Nikopol, eine Stadt auf der dem Atomkraftwerk Saporischschja gegenüberliegenden Seite des Flusses Dnipro, der in Russland Dnjepr heißt, wurde nach Angaben des Regionalgouverneurs Serhij Lyssak ebenfalls von russischen Truppen beschossen. Opfer wurden den Angaben zufolge dort zunächst nicht gemeldet.

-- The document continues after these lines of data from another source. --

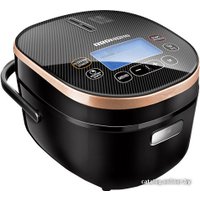 Мультиварка Redmond (Редмонд) RMC-250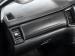 Ford Ranger 2.2TDCi double cab Hi-Rider XL auto - Thumbnail 20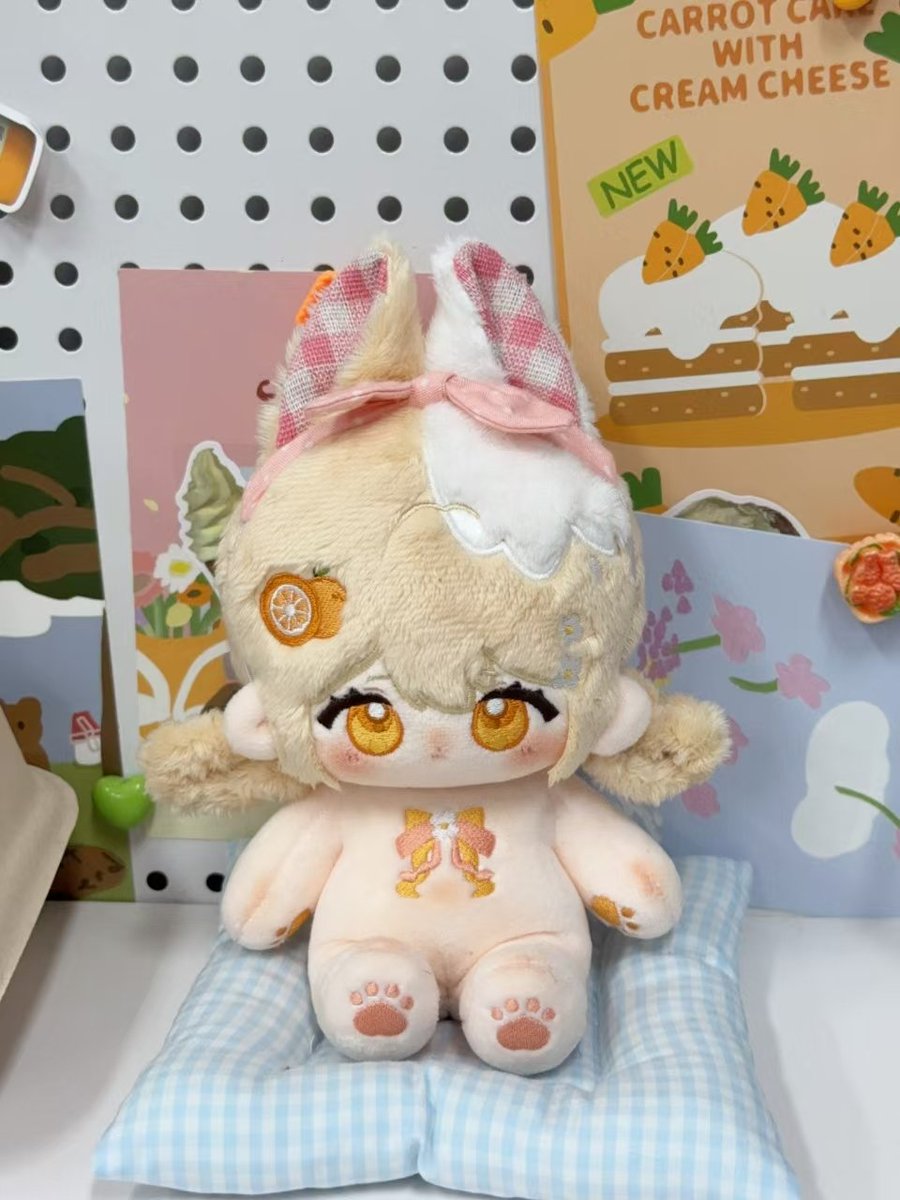 🍊🧡🎀

#유자차인형공장
#우리_공장으로_오세요 #우리_공장을_소개합니다 #自作ぬい #綿人形 #棉花娃娃 #綿人形です #cottondolls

Moskau verliert Panzerfahrzeuge bei Schlacht um Awdijiwka

Russland hat nach Einschätzung britischer Militärexperten allein in den vergangenen drei Wochen etwa 200 gepanzerte Fahrzeuge im Kampf um die ostukrainische Stadt Awdijiwka verloren. Das geht aus dem täglichen Geheimdienstbericht des Verteidigungsministeriums in London zum Krieg in der Ukraine am Samstag hervor. Hintergrund dafür sei wohl eine Kombination relativer Effektivität ukrainischer Panzerabwehrraketen, Minen, Drohnen und Präzisionsartillerie, hieß es in der Mitteilung. Ähnlich wie die Ukrainer während ihrer Offensive im Sommer hätten sich die Russen daher auf Vorstöße durch Infanterie verlegt.

Wie bei früheren russischen Offensiven seien die Angriffe auf die Industriestadt äußert verlustreich. Es sei plausibel, dass Russlands im Kampf um Awdijiwka seit Anfang Oktober mehrere Tausend Verletzte und Tote zu beklagen habe. „Russlands Führung zeigt weiterhin den Willen, schwere Verluste an Personal für marginale territoriale Gewinne in Kauf zu nehmen“, so die Mitteilung weiter.

Das britische Verteidigungsministerium veröffentlicht seit Beginn des Kriegs gegen die Ukraine im Februar 2022 täglich Informationen zum Kriegsverlauf. Moskau wirft London Desinformation vor.